(RECORDED DATA begins)

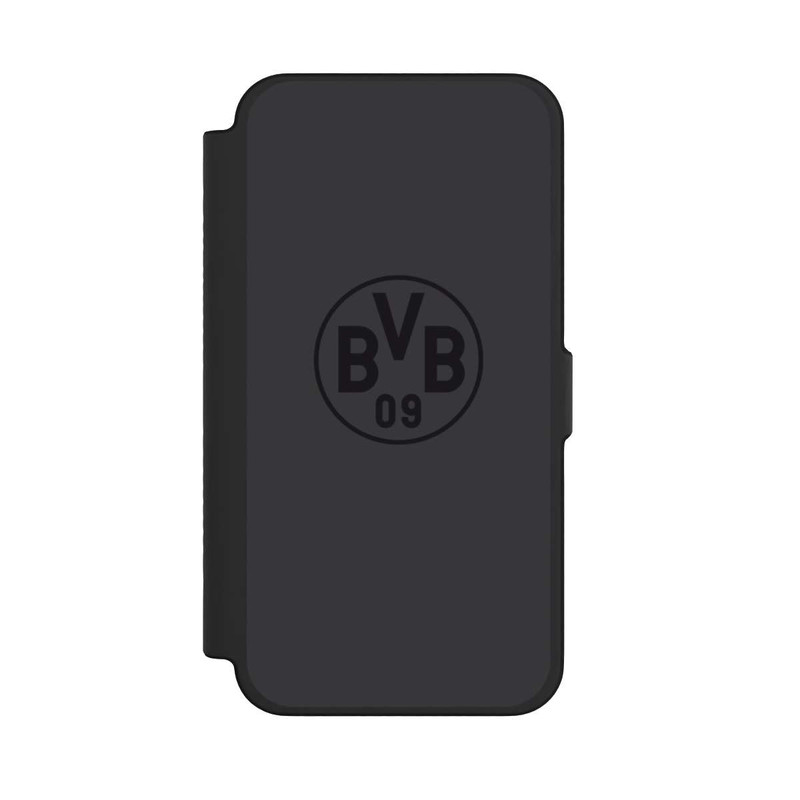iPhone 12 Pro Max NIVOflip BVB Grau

(RECORDED DATA ends)
(RECORDED DATA begins)

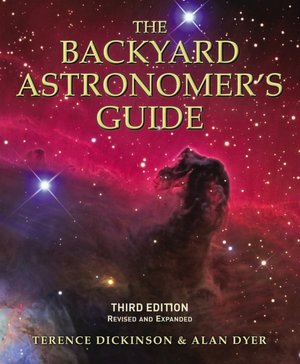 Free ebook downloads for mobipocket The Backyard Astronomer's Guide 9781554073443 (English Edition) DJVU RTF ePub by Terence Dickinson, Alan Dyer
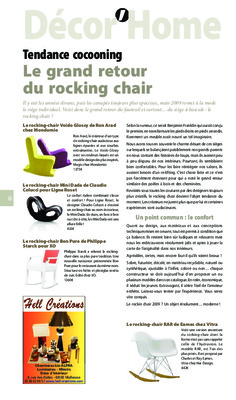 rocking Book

(RECORDED DATA ends)

• _TASK PROMPT_: Everything above from the line containing "Free ebook downloads" down to the line containing "rocking Book" is to be duplicated exactly, both lines included, and the pictures are to be omitted.

• _FINAL ANSWER_:
 Free ebook downloads for mobipocket The Backyard Astronomer's Guide 9781554073443 (English Edition) DJVU RTF ePub by Terence Dickinson, Alan Dyer
 rocking Book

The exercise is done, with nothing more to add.